Neuro-oncology is a complex field undergoing rapid changes with the advancement and evolution of sophisticated genetic testing. Evidence continues to grow in support of broad molecular and cytogenetic analysis for patients with brain tumors. The Genomics Laboratory within Mayo Clinic's Department of Laboratory Medicine and Pathology has developed two unique assays to support comprehensive patient care for these patients. The first is a next-generation sequencing assay that detects both gene mutations and rearrangements — all specific to brain tumors. The panel detects mutations within 118 genes and rearrangements within 81 genes. The second assay is a chromosomal microarray that assesses copy number variants across the genome. Clinical studies at Mayo Clinic have shown that this broad, but tumor-specific, genetic analysis has significant — and sometimes unexpected — clinical impact. The following case studies highlight the importance and clinical utility of these assays in diagnosis, prognosis, and therapy selection.

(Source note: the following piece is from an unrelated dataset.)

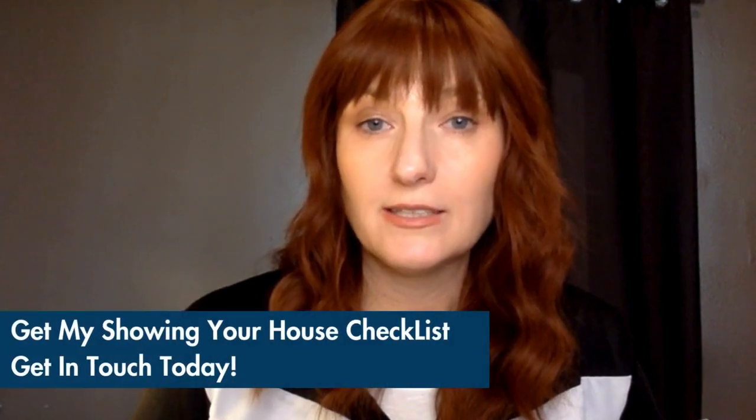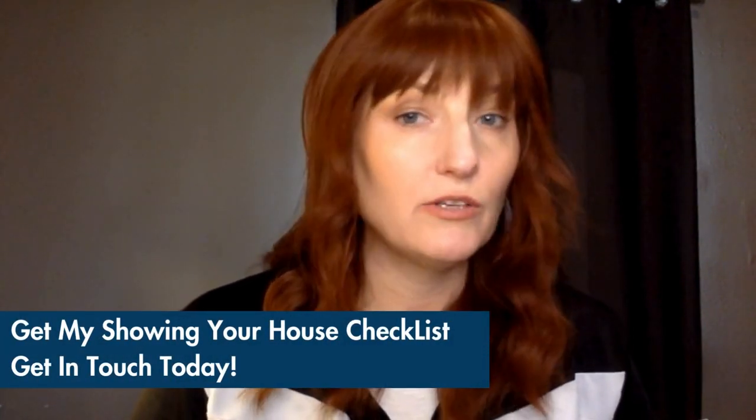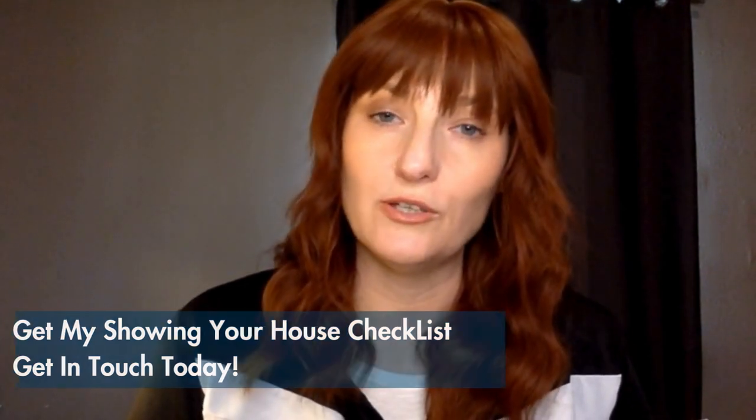I do have a showing and open house checklist that I give all my clients upon first meeting. If you'd like a copy of that, just shoot me a message and I'll be happy to get one off to you.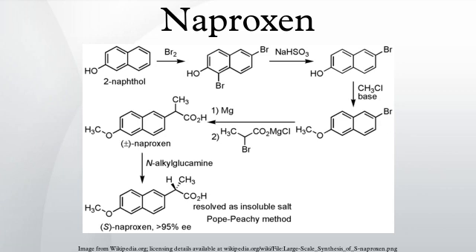Aleve became available over-the-counter in most provinces in Canada on July 14, 2009, but not British Columbia, Quebec, or Newfoundland and Labrador. It became available OTC in British Columbia in late January 2010.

A 3-month-old boy presented with progressive increase of head circumference and decreased oral intake. Imaging studies revealed a large postcontrast enhancing right cerebellar tumor. His family history was significant for childhood medulloblastoma. The patient underwent tumor excision at an outside institution, and then the case was sent to Mayo Clinic for neuropathology consultation.
The resection specimen showed an embryonal “small blue cell” tumor with multinodular reticulin-free areas displaying variable neurocytic maturation within a neuropil-like fibrillary matrix surrounded by densely packed, hypercellular reticulin-rich areas. By immunohistochemistry, the tumor cells were positive for synaptophysin, GAB1 (cytoplasmic), YAP (nuclear and cytoplasmic) and beta-catenin (cytoplasmic). The expression of p53 was low. These findings were consistent with the diagnosis of desmoplastic/nodular medulloblastoma (historically defined) and medulloblastoma, SHH-activated and TP53-wild-type (genetically defined), WHO grade IV.
Given the reported positive family history for medulloblastoma, Mayo Clinic Laboratories’ Neuro-Oncology Expanded NGS Panel was performed.
Figure 1. Histopathological findings
The NGS panel showed a SUFU mutation and no TP53 mutation, further supporting the diagnosis of medulloblastoma, SHH-activated and TP53-wild-type, WHO grade IV.
The SUFU mutation was identified at 100% allelic frequency, suggesting a germline (i.e., constitutional) rather than somatic (i.e., tumor-specific) origin, in keeping with the family history for medulloblastoma.
FISH testing was also performed and showed no evidence of monosomy 6 (associated with WNT Group) nor MYCN or MYC gene amplification (associated with Groups 3 and 4).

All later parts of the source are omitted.